Re: [RFC] memory tiering: use small chunk size and more tiers

From: Aneesh Kumar K V
Date: Fri Oct 28 2022 - 01:06:35 EST


On 10/28/22 8:33 AM, Huang, Ying wrote:
> Hi, Aneesh,
>
> Aneesh Kumar K V <aneesh.kumar@xxxxxxxxxxxxx> writes:
>
>> On 10/27/22 12:29 PM, Huang Ying wrote:
>>> We need some way to override the system default memory tiers. For
>>> the example system as follows,
>>>
>>> type abstract distance
>>> ---- -----------------
>>> HBM 300
>>> DRAM 1000
>>> CXL_MEM 5000
>>> PMEM 5100
>>>
>>> Given the memory tier chunk size is 100, the default memory tiers
>>> could be,
>>>
>>> tier abstract distance types
>>> range
>>> ---- ----------------- -----
>>> 3 300-400 HBM
>>> 10 1000-1100 DRAM
>>> 50 5000-5100 CXL_MEM
>>> 51 5100-5200 PMEM
>>>
>>> If we want to group CXL MEM and PMEM into one tier, we have 2 choices.
>>>
>>> 1) Override the abstract distance of CXL_MEM or PMEM. For example, if
>>> we change the abstract distance of PMEM to 5050, the memory tiers
>>> become,
>>>
>>> tier abstract distance types
>>> range
>>> ---- ----------------- -----
>>> 3 300-400 HBM
>>> 10 1000-1100 DRAM
>>> 50 5000-5100 CXL_MEM, PMEM
>>>
>>> 2) Override the memory tier chunk size. For example, if we change the
>>> memory tier chunk size to 200, the memory tiers become,
>>>
>>> tier abstract distance types
>>> range
>>> ---- ----------------- -----
>>> 1 200-400 HBM
>>> 5 1000-1200 DRAM
>>> 25 5000-5200 CXL_MEM, PMEM
>>>
>>> But after some thoughts, I think choice 2) may be not good. The
>>> problem is that even if 2 abstract distances are almost same, they may
>>> be put in 2 tier if they sit in the different sides of the tier
>>> boundary. For example, if the abstract distance of CXL_MEM is 4990,
>>> while the abstract distance of PMEM is 5010. Although the difference
>>> of the abstract distances is only 20, CXL_MEM and PMEM will put in
>>> different tiers if the tier chunk size is 50, 100, 200, 250, 500, ....
>>> This makes choice 2) hard to be used, it may become tricky to find out
>>> the appropriate tier chunk size that satisfying all requirements.
>>>
>>
>> Shouldn't we wait for gaining experience w.r.t how we would end up
>> mapping devices with different latencies and bandwidth before tuning these values?
>
> Just want to discuss the overall design.
>
>>> So I suggest to abandon choice 2) and use choice 1) only.

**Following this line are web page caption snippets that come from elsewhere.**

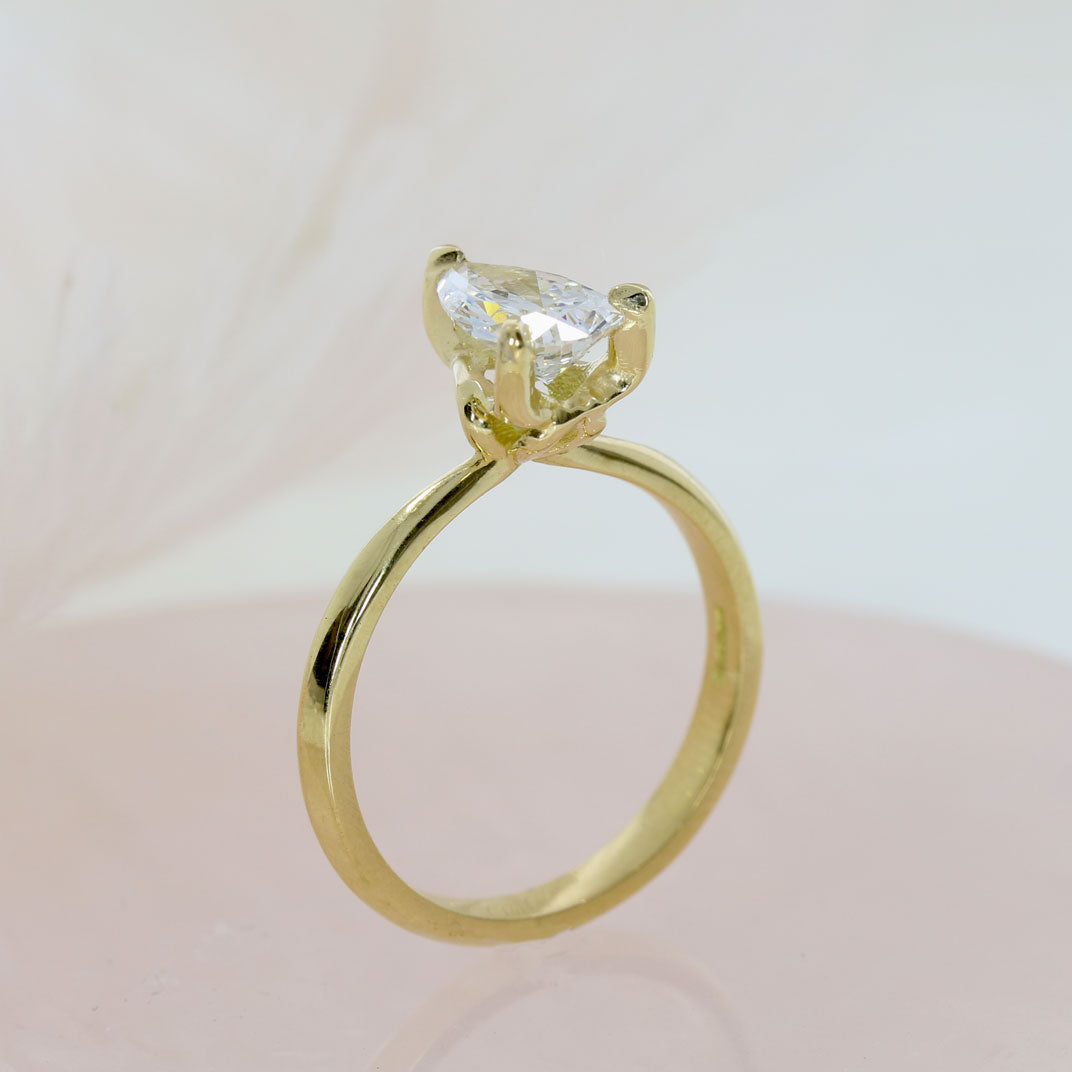 18ct Yellow Gold Certified Pear Shape Lab Grown Diamond Solitaire Ring 1.01ct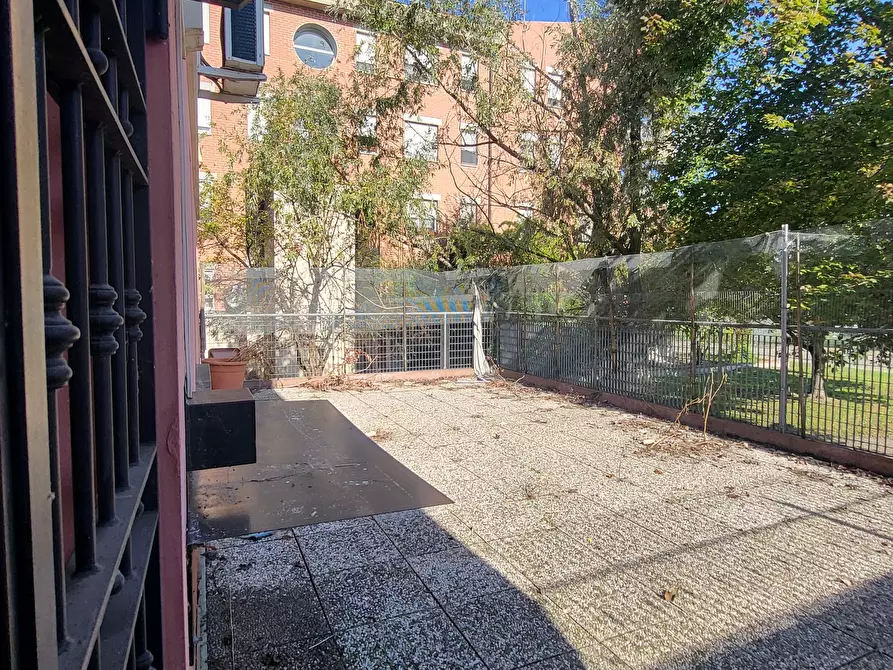 Immagine 12 di Pentalocale in vendita  in Via Domenico Pedretti 9 a Parma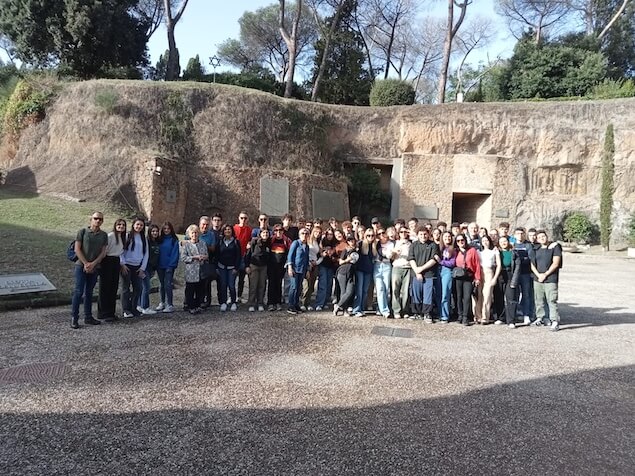 45 studenti calabresi in viaggio nei luoghi della memoria in Italia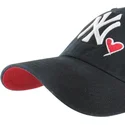 casquette-courbee-noire-ajustable-clean-up-heart-icon-new-york-yankees-mlb-47-brand
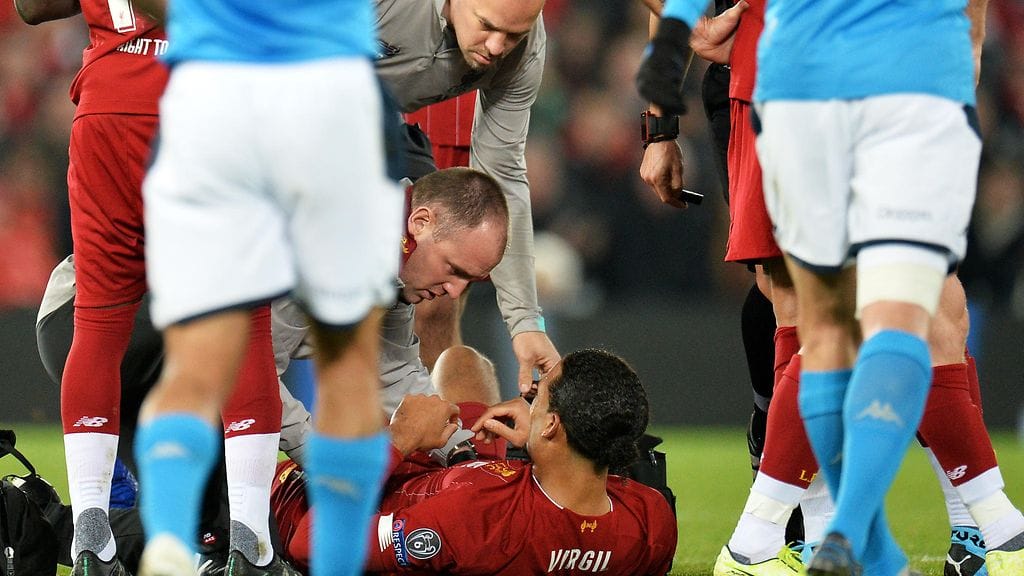 Liverpool-puolustaja Virgil van Dijk koki kovia Dries Mertensin tarjoaman kontaktin jäljiltä.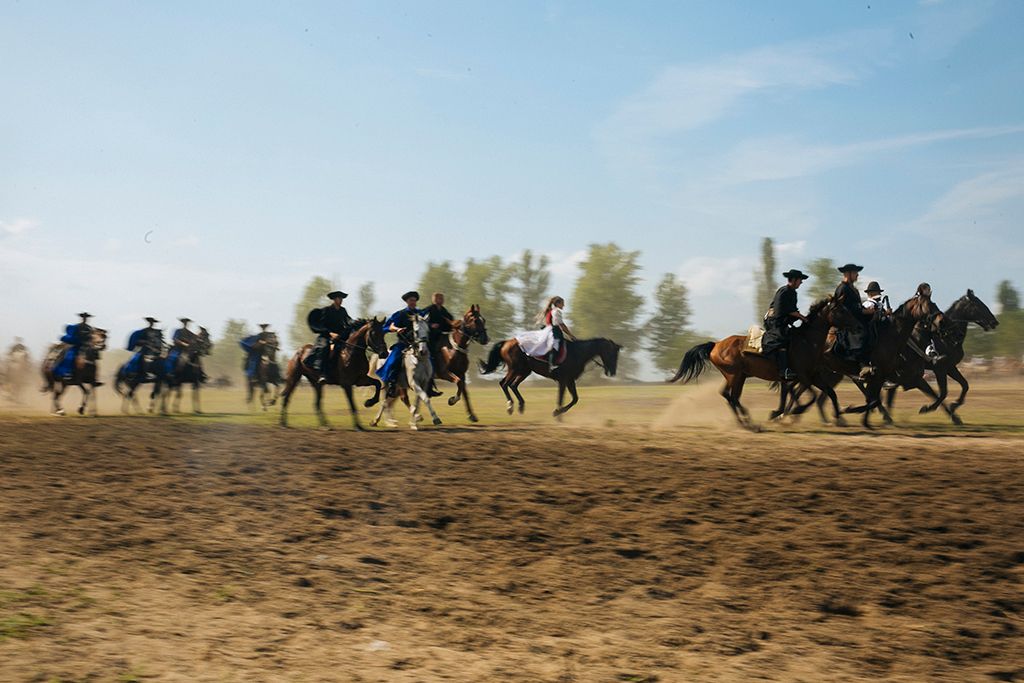 Magyar Törzsi Gyűlés ( Kurultáj ) Bugacon 2018. augusztus 10-én. Európa legnagyobb hagyományőrző rendezvényén csaknem négyszáz hagyományőrző csoport mutatkozik be augusztus 10-től 12-ig. Fotó: Horváth Péter Gyula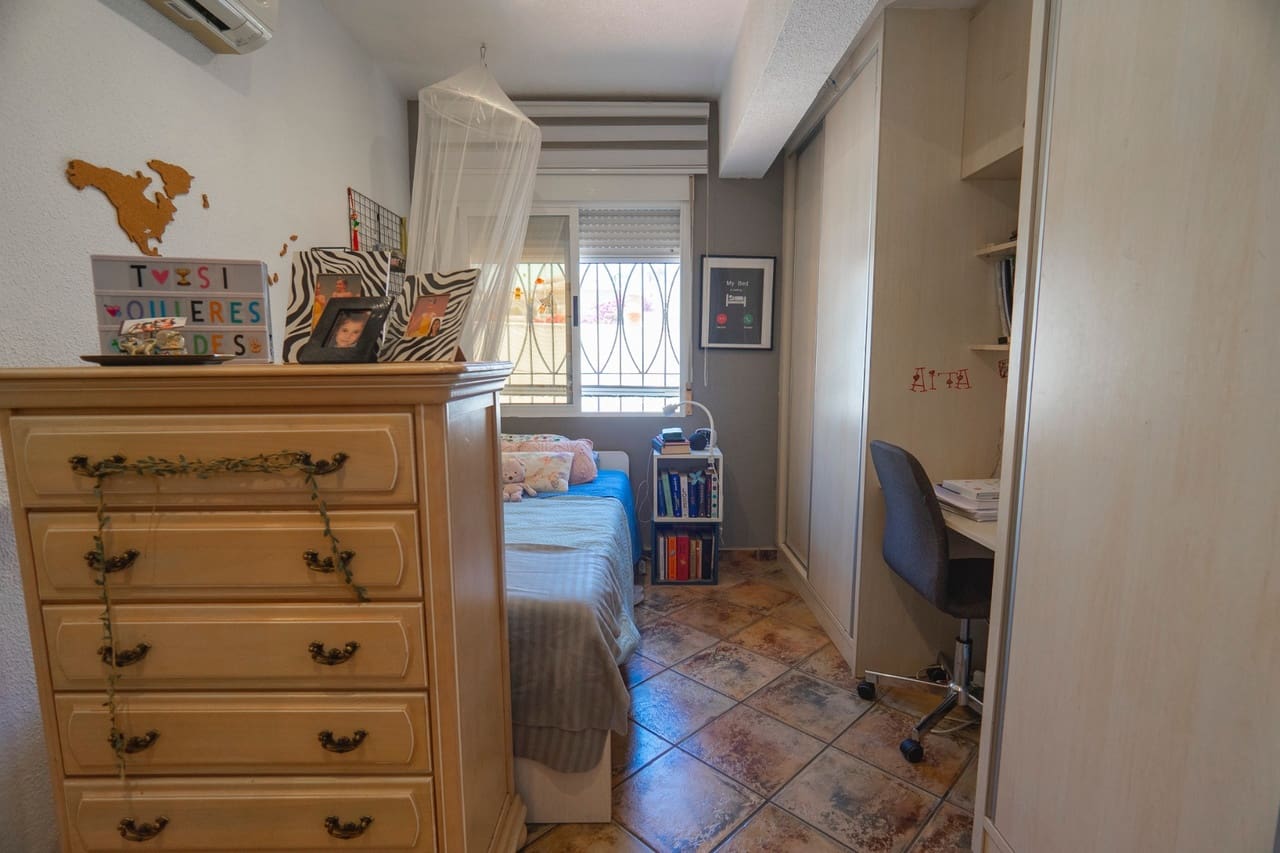 4 makuuhuone Huvila myytävänä paikassa Ciudad Quesada mukana uima-altaan - 415 000 € (Ref: 9284983)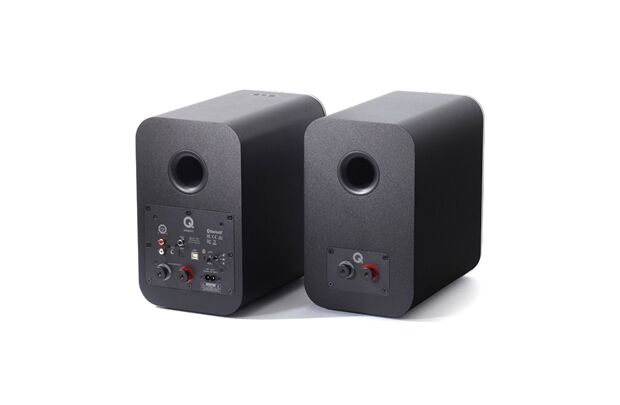 //hiddenaudio.netz-agenten.de/media/image/24/bd/23/qacoustics-m20-product-studio-white-bground-11_1.jpg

This makes
>>> the overall design and user space interface to be simpler and easier
>>> to be used. The overall design of the abstract distance could be,
>>>
>>> 1. Use decimal for abstract distance and its chunk size. This makes
>>> them more user friendly.
>>>
>>> 2. Make the tier chunk size as small as possible. For example, 10.
>>> This will put different memory types in one memory tier only if their
>>> performance is almost same by default. And we will not provide the
>>> interface to override the chunk size.
>>>
>>
>> this could also mean we can end up with lots of memory tiers with relative
>> smaller performance difference between them. Again it depends how HMAT
>> attributes will be used to map to abstract distance.
>
> Per my understanding, there will not be many memory types in a system.
> So, there will not be many memory tiers too. In most systems, there are
> only 2 or 3 memory tiers in the system, for example, HBM, DRAM, CXL,
> etc.

So we don't need the chunk size to be 10 because we don't forsee us needing
to group devices into that many tiers.

> Do you know systems with many memory types? The basic idea is to
> put different memory types in different memory tiers by default. If
> users want to group them, they can do that via overriding the abstract
> distance of some memory type.
>

with small chunk size and depending on how we are going to derive abstract distance,
I am wondering whether we would end up with lots of memory tiers with no
real value. Hence my suggestion to wait making a change like this till we have
code that map HMAT/CDAT attributes to abstract distance.




>>
>>> 3. Make the abstract distance of normal DRAM large enough. For
>>> example, 1000, then 100 tiers can be defined below DRAM, this is
>>> more than enough in practice.
>>
>> Why 100? Will we really have that many tiers below/faster than DRAM? As of now
>> I see only HBM below it.
>
> Yes. 100 is more than enough. We just want to avoid to group different
> memory types by default.
>
> Best Regards,
> Huang, Ying
>